[MATERIAL FOR THIS TASK Boundary: Start]

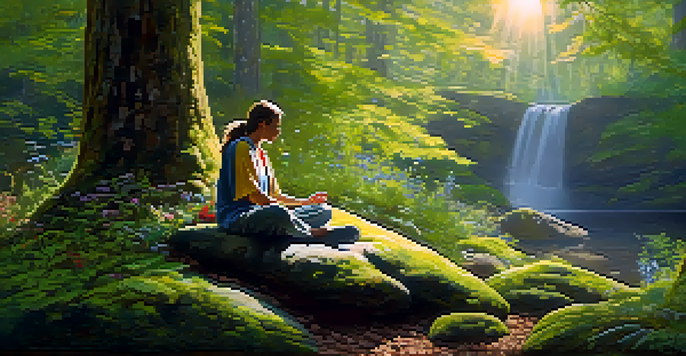 A person meditating on a mossy rock in a sunlit forest, surrounded by greenery and wildflowers.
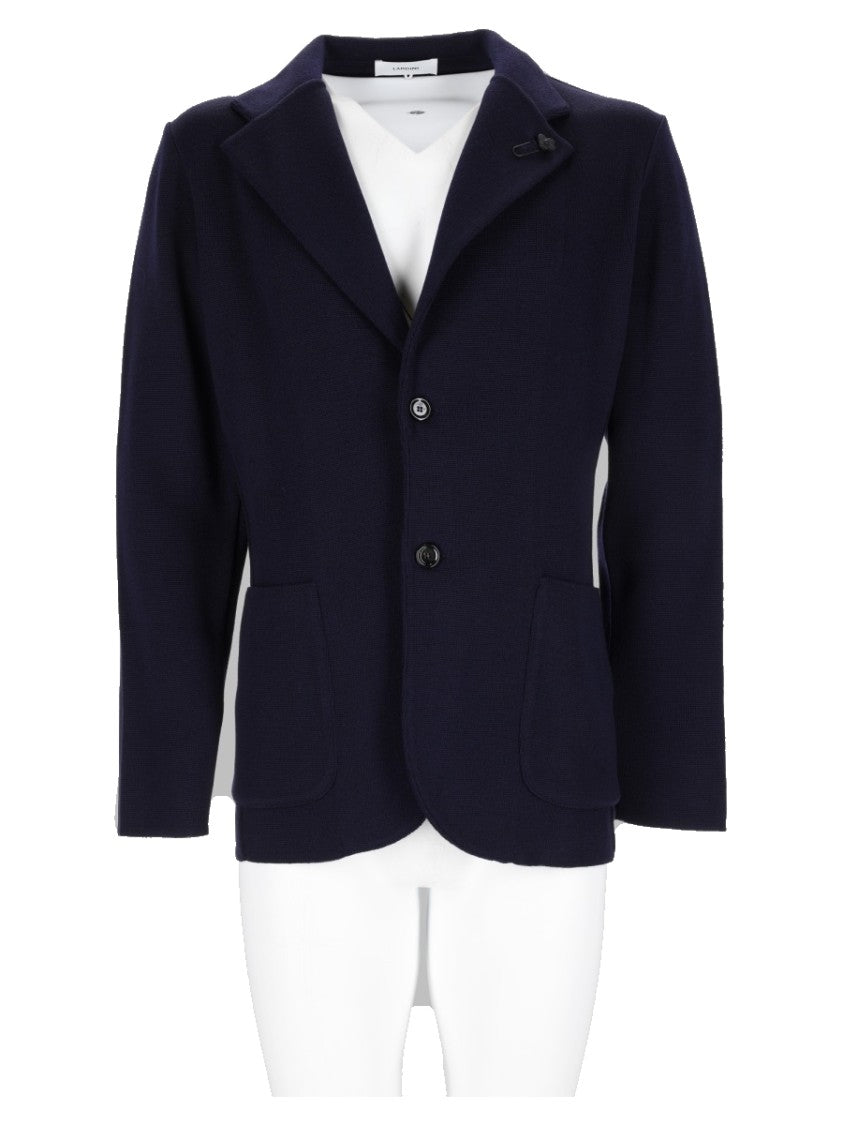 Lardini Classic Tailored Blue Wool Blazer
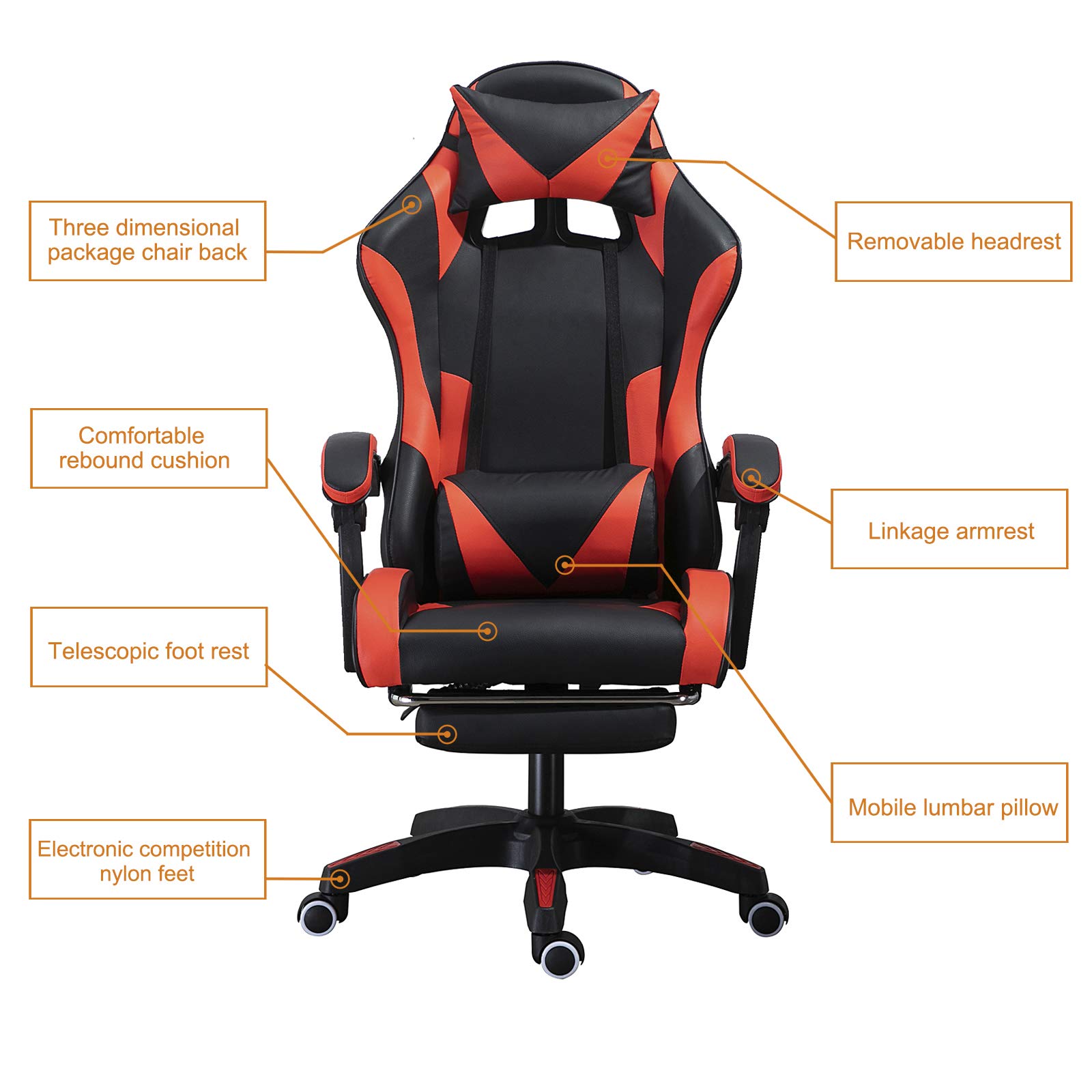 Racing-Style Ergonomic High-Back Gaming Chair with Adjustable Height, Headrest & Lumbar Support - Electronic Sports Swivel Office Chair with Foot Pedals (Red & Black) - Perfect for Esports, Streaming & Long Work Sessions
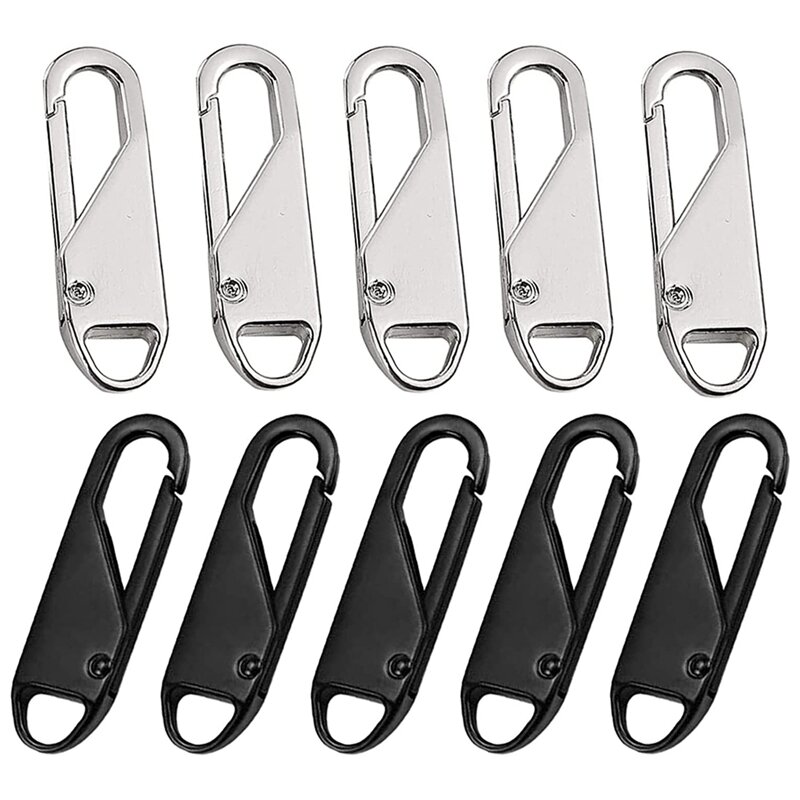 NEW-Metal Replacement Zipper (10 Pieces), Metal Tabs For Zip Repair, For Clothes, Luggage, Suitcase, Backpack, Diy Craft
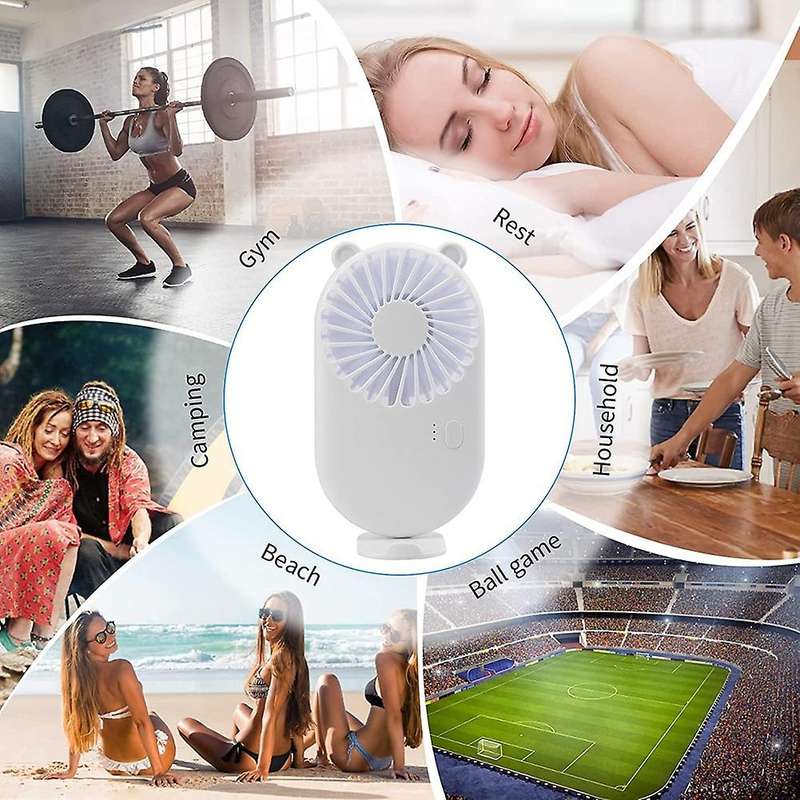 Handheld Mini USB Fan, Portable USB Pocket Fan Rechargeable with Holder, 3 Speeds Adjustable Design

[MATERIAL FOR THIS TASK Boundary: End]

#### BRIEF:
Pictures are to be omitted; otherwise, every line from the first line of the listing through the line containing "Lardini Classic Tailored Blue Wool Blazer" must be reproduced exactly, both ends included.

#### COMPLETED EXERCISE:
 A person meditating on a mossy rock in a sunlit forest, surrounded by greenery and wildflowers.
 Lardini Classic Tailored Blue Wool Blazer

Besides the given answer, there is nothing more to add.